Page MenuHomePhabricator

recreate codfw cluster state from code stored in deployment-charts with helmfile [MIGHT CAUSE DOWNTIME]
Open, HighPublic

Description

if we want the cluster to be managed via code and helmfile we will need to recreate namespaces and deployments, the following services and namespaces will be affected.

Current plan is to do it all at once, deleting current namespaces and applying helmfile cluster wide. The list of following checkboxes are for double checking each service after recreation.

  • blubberoid
  • citoid
  • cxserver
  • eventgate-analytics
  • eventgate-main
  • mathoid
  • sessionstore
  • termbox
  • zotero

Event Timeline

fsero created this task.Wed, Jul 24, 8:22 AM
fsero updated the task description. (Show Details)Wed, Jul 24, 8:36 AM
fsero triaged this task as High priority.Thu, Jul 25, 9:25 AM
fsero moved this task from Backlog to Doing on the serviceops board.Mon, Aug 5, 9:11 AM

Change 528078 had a related patch set uploaded (by Fsero; owner: Fsero):
[operations/deployment-charts@master] k8s: deploy calico, rbac, psp, coredns and ns via helmfile in codfw.

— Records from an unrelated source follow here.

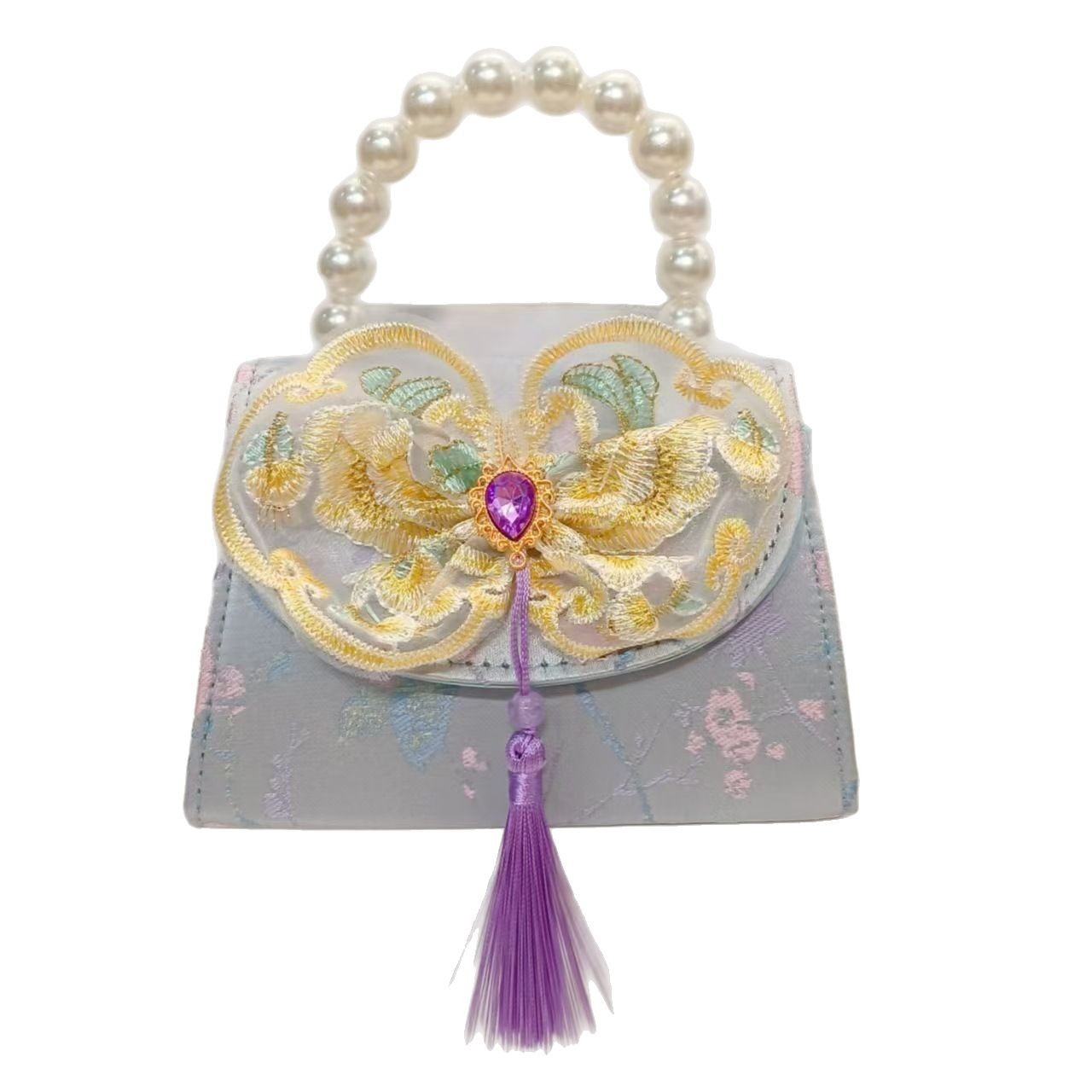 Bolso de perla arco de estilo nacional bolso de princesa bolso de Año Nuevo bolso de Año Nuevo bolso de accesorios para niños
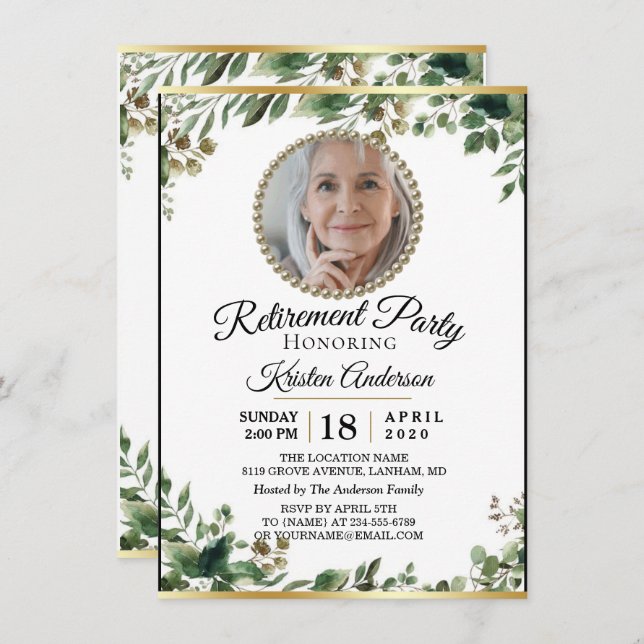 Inbjudan till partiet Pension i Luxury Eucalyptus (Fram/baksida)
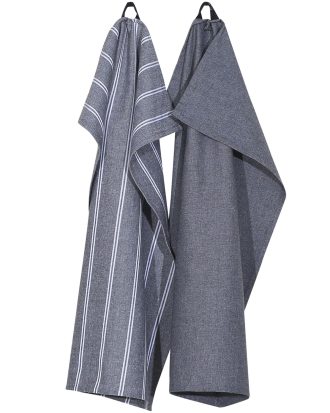 Recycled By Wille Agda Kökshandduk 2-pack 50x70 Cm Mörkgrå - Kökshanddukar Bomull Vit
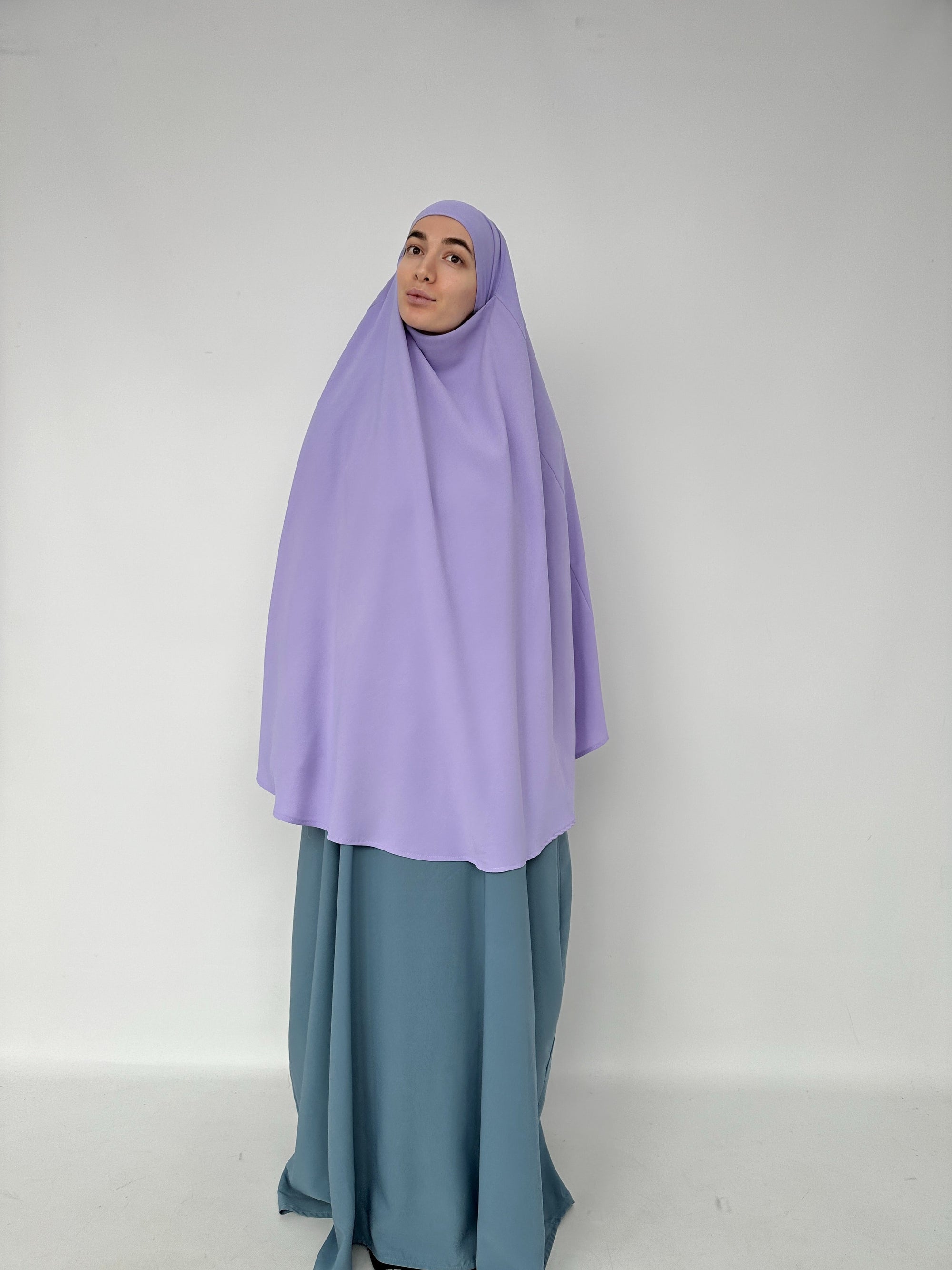 KHIMAR ARRONDI SOIE DE MÉDINE LILAS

https://gerrit.wikimedia.org/r/528078

Change 528078 merged by Fsero:
[operations/deployment-charts@master] k8s: deploy calico, rbac, psp, coredns and ns via helmfile in codfw.

https://gerrit.wikimedia.org/r/528078

Mentioned in SAL (#wikimedia-operations) [2019-08-05T13:42:06Z] <fsero> deploying tiller in kube-system for helmfile changes - T228837

Mentioned in SAL (#wikimedia-operations) [2019-08-05T13:56:55Z] <fsero> deploying calico controller in codfw via helmfile - T228837

Change 528164 had a related patch set uploaded (by Fsero; owner: Fsero):
[operations/puppet@production] k8s, cache: disabling codfw services for k8s cluster recreation

https://gerrit.wikimedia.org/r/528164

Mentioned in SAL (#wikimedia-operations) [2019-08-05T15:26:09Z] <fsero> recreating zotero and termbox from helmfile codfw - T228837

Mentioned in SAL (#wikimedia-operations) [2019-08-05T15:27:10Z] <fsero> recreating zotero and termbox namespaces and services from helmfile codfw - T228837

Change 528164 merged by Fsero:
[operations/puppet@production] k8s, cache: disabling codfw services for k8s cluster recreation

https://gerrit.wikimedia.org/r/528164

Mentioned in SAL (#wikimedia-operations) [2019-08-05T16:10:46Z] <fsero> recreating citoid eventgate-analytics eventgate-main mathoid sessionstore namespaces and redeploying from helmfile T228837

Change 528196 had a related patch set uploaded (by Alexandros Kosiaris; owner: Alexandros Kosiaris):
[operations/deployment-charts@master] Increase mathoid resourcequotas

https://gerrit.wikimedia.org/r/528196

Change 528196 merged by Fsero:
[operations/deployment-charts@master] Increase mathoid resourcequotas

https://gerrit.wikimedia.org/r/528196

Change 528202 had a related patch set uploaded (by Fsero; owner: Fsero):
[operations/deployment-charts@master] k8s, codfw: disabling quotas on eventgate, cxserver and mathoid as they need more work

https://gerrit.wikimedia.org/r/528202

Change 528202 merged by Fsero:
[operations/deployment-charts@master] k8s, codfw: disabling quotas on some namespaces.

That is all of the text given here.